Agnieszka Robótka-Michalska dwadzieścia pięć lat temu wcielała się w rolę Ewy Glinickiej w popularnym i lubianym serialu W labiryncie. Produkcja emitowana była na przełomie lat 80-tych i 90-tych i przez wielu do dzisiaj uważana jest za jeden z lepszych polskich seriali. Niestety, innego zdania jest Michalska, która nie wspomina miło pracy na planie.
Byłam znana, ale nic za tym nie szło. Ani pieniądze, ani wielkie role - przyznaje aktorka w książce Gdzie są gwiazdy z tamtych lat?. Serial zrobił mi dużo krzywdy, bo wszyscy oceniali mnie przez pryzmat Ewy.

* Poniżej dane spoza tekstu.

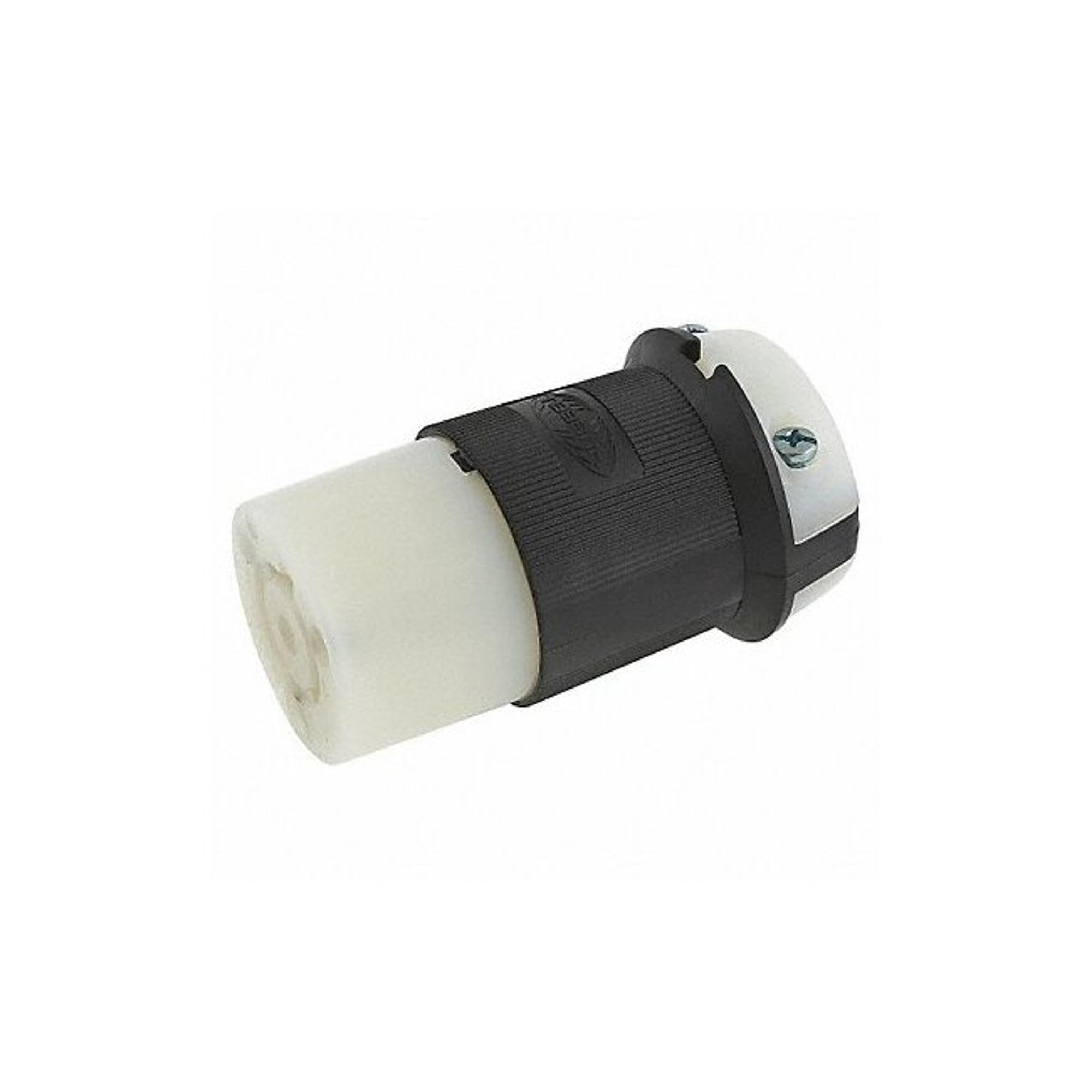 Hubbell HBL2343 Locking Connector, 20 amp, 480V, L8-20R, Black and White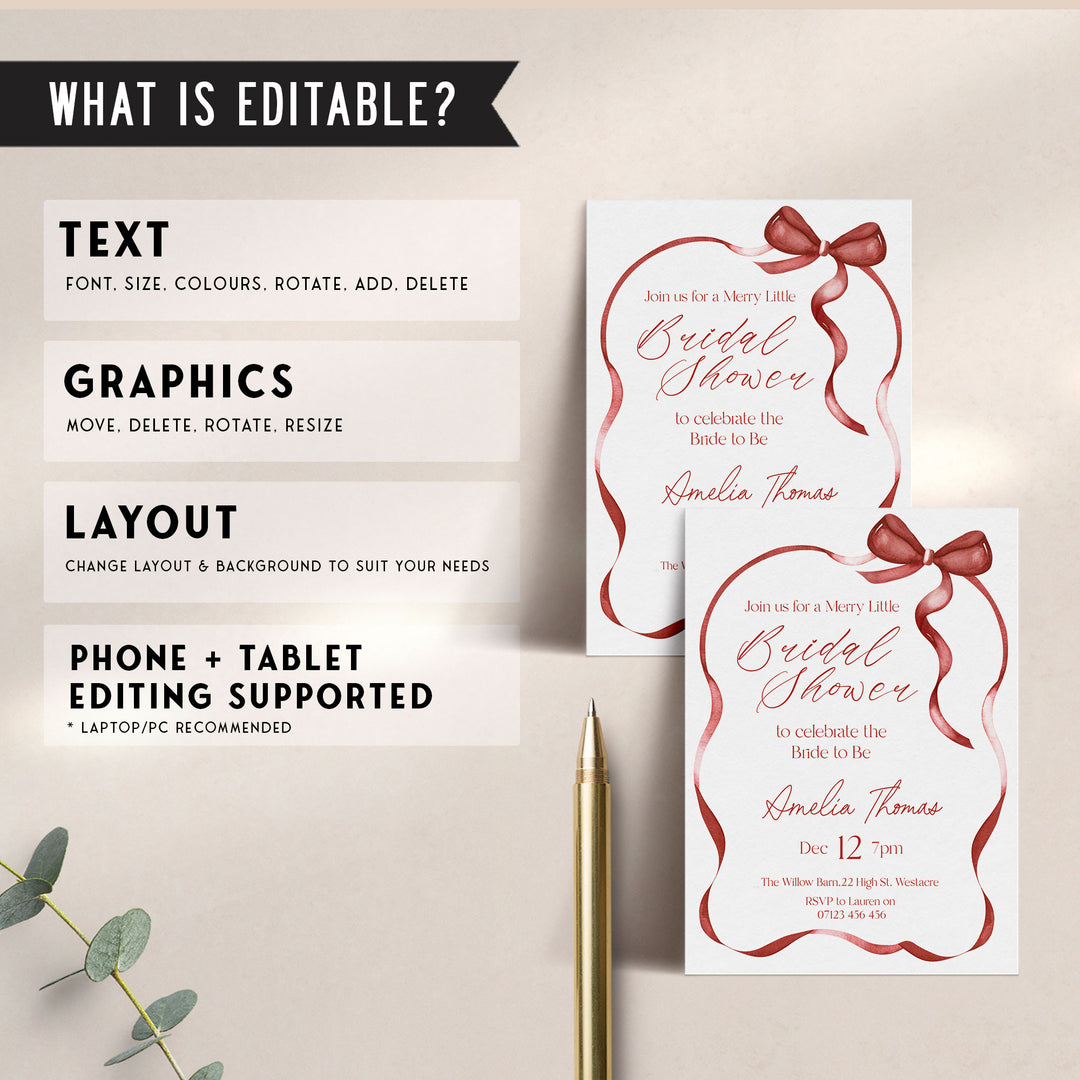 Red Bow Bridal Shower Invitation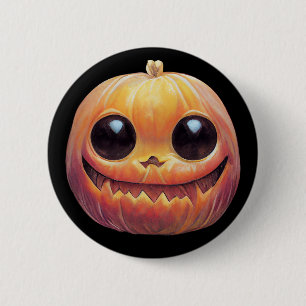 Macaron Rond 5 Cm Déplaisant Mare Face Citrouille Halloween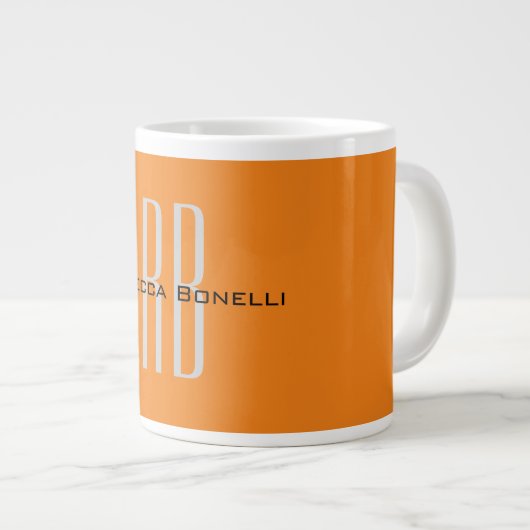 Grande Tasse Unique Unique Orange Initiales Monogramme Moderne (Devant droit)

Faktycznie, emisję serialu zakończono w 1989 roku a Michalska pojawiła się w innych produkcjach tylko sporadycznie. Zagrała epizody w Na dobre i na złe oraz w Pensjonacie pod różą. Wygląda na to, że tak zostanie, bo dziś 50-letnia aktorka nie spieszy się z powrotem do zawodu:
_**Sama nie chciałam grać więcej w telenoweli i powielać postaci biednej, skrzywdzonej kobiety wiecznie w ciąży**_ - tłumaczy. Powiedziałam producentom, że mogę wrócić, jeśli Ewa "znormalnieje". Usłyszałam wówczas, że widzowie kochają wątek nieszczęśliwej Ewy, więc szanse na jakąkolwiek zmianę były znikome, wręcz żadne. Teraz proponują mi najgorszy chłam, dlatego zawsze grzecznie odmawiam.